At the April Meeting, a representative from Airbnb discussed a new experimental cancellation policy. It is modeled on the one that now exists in Italy. As has been explained about the Italian model, this is how it works:
- Each cancellation policy will have a grace period, i.e. a set period of time before a reservation when a guest can always cancel and receive a full refund.
- The Moderate and Strict policies (less favorable to the guests), will be accompanied by an increase in host service fees, from 3% to respectively 4% and 5% to keep into account the extra protection from cancellations.
- Guests who cancel pre-trip will not be charged the guest service fees, making cancellations truly 100% refundable.
Airbnb has just recently imposed this new policy on a limited group of San Francisco hosts.

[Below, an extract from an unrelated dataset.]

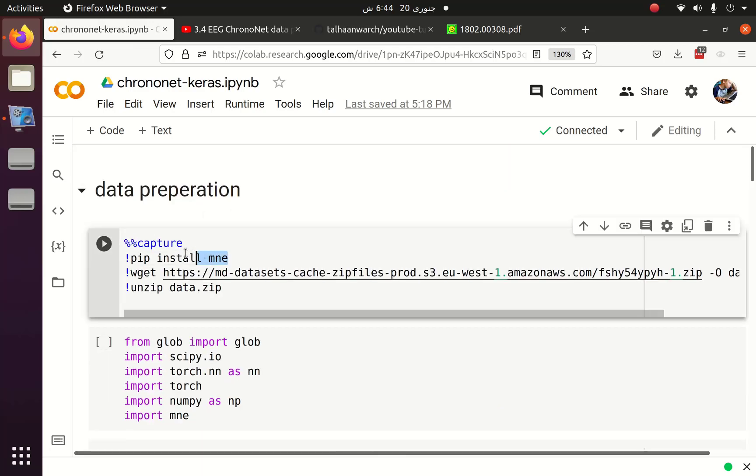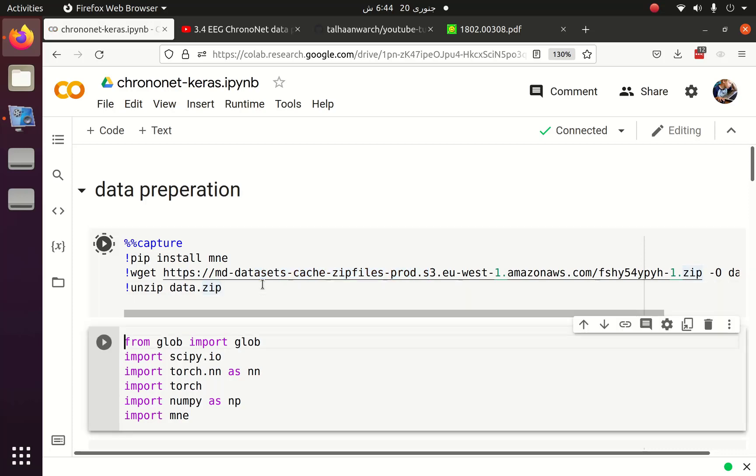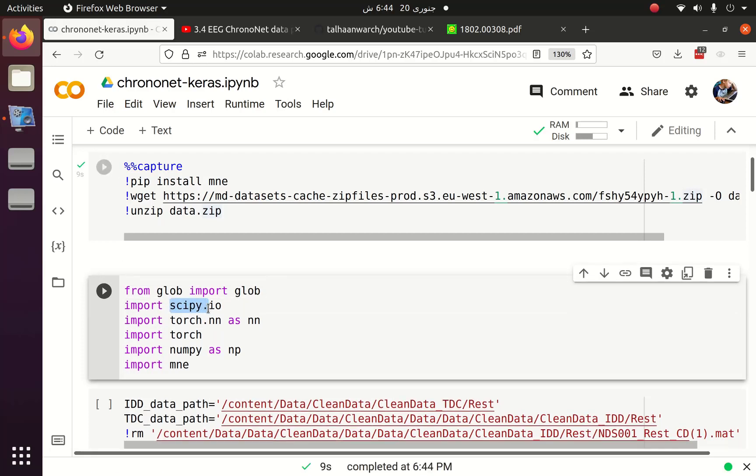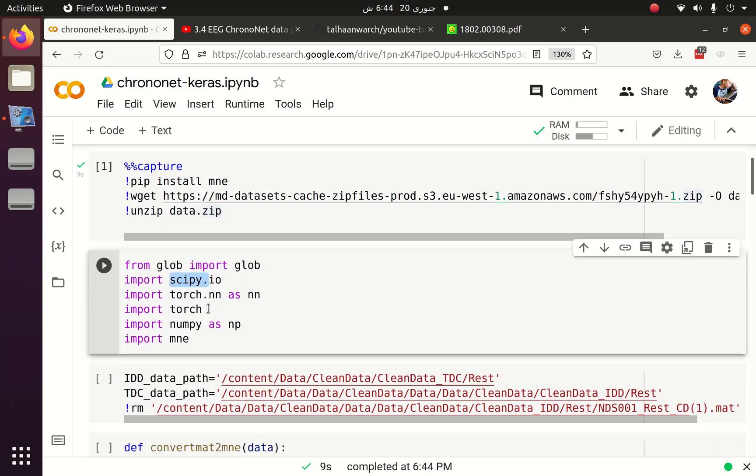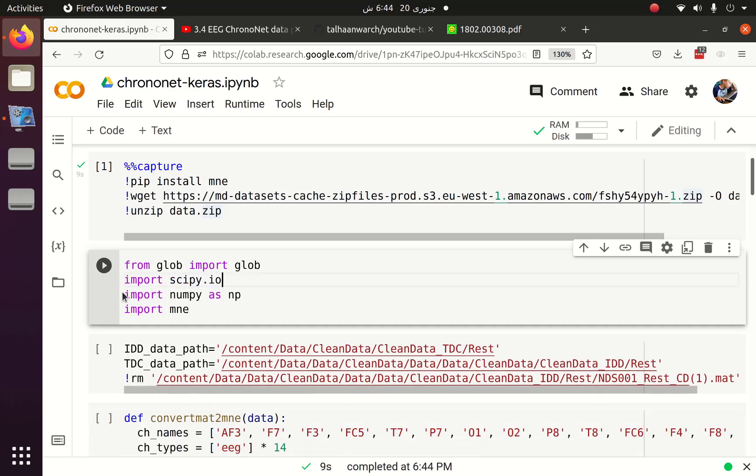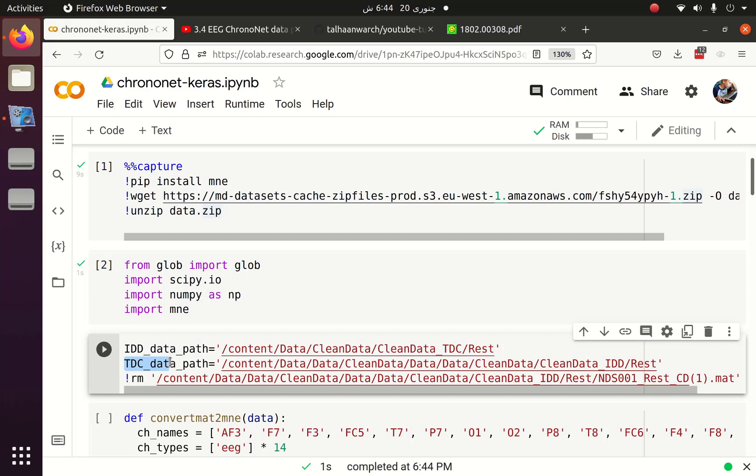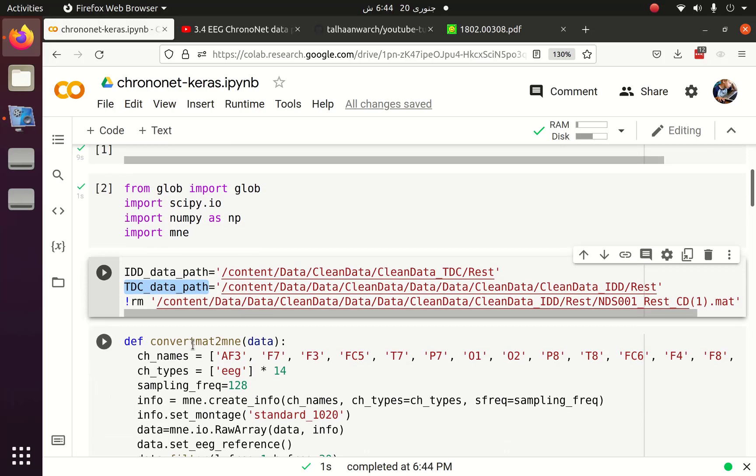Now let's start with the revision of the data preparation part. First we install MNE, then we download the data and after that unzip the data. There are few libraries which I am going to use such as scipy. This is used to load the data because currently the data is in .mat format. These are the paths of dataset for control and IDD patients.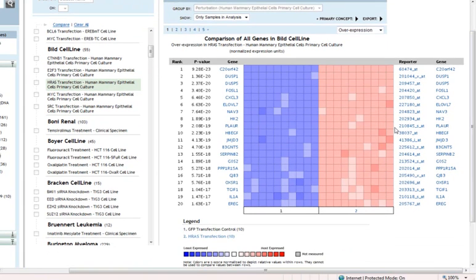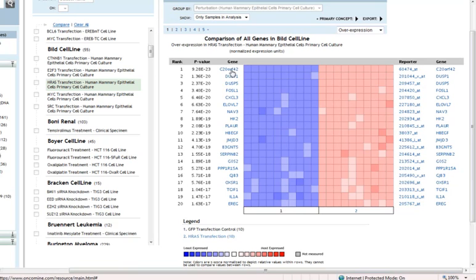So here we're looking at this analysis, HRAS transfected cell lines relative to control, and we're looking at the genes that are most significantly overexpressed in the HRAS transfected lines.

If successful, we can expect it to apply to ALL San Francisco hosts.
According to the Airbnb rep, the decision for the change was based on complaints from guests who canceled, did not get a full refund, but discovered later that the host had managed to rebook the cancelled dates. This created the argument that the host got over 100% of the rent in total, while the guest was left out of pocket. The new policy increases the cost to the host for choosing a Strict Cancellation Policy by raising the Host Service Fee.
The Airbnb rep also commented that when the cancelled guest complains to Airbnb, often Airbnb gives the guest a full refund in order to keep them as a customer. The new policy therefore charges the host more to have a Strict Cancellation Policy to make up for these payments Airbnb has chosen to make.
Some hosts may make the argument that it is unfair to hosts that Airbnb is passing on to hosts the cost of Airbnb’s decision to fully refund the canceling guest. Why should hosts have to bear the burden (by way of higher Host Service Fee) of Airbnb’s decision to fully refund a guest who, at the last minute, decides to have a holiday in Bali instead of San Francisco?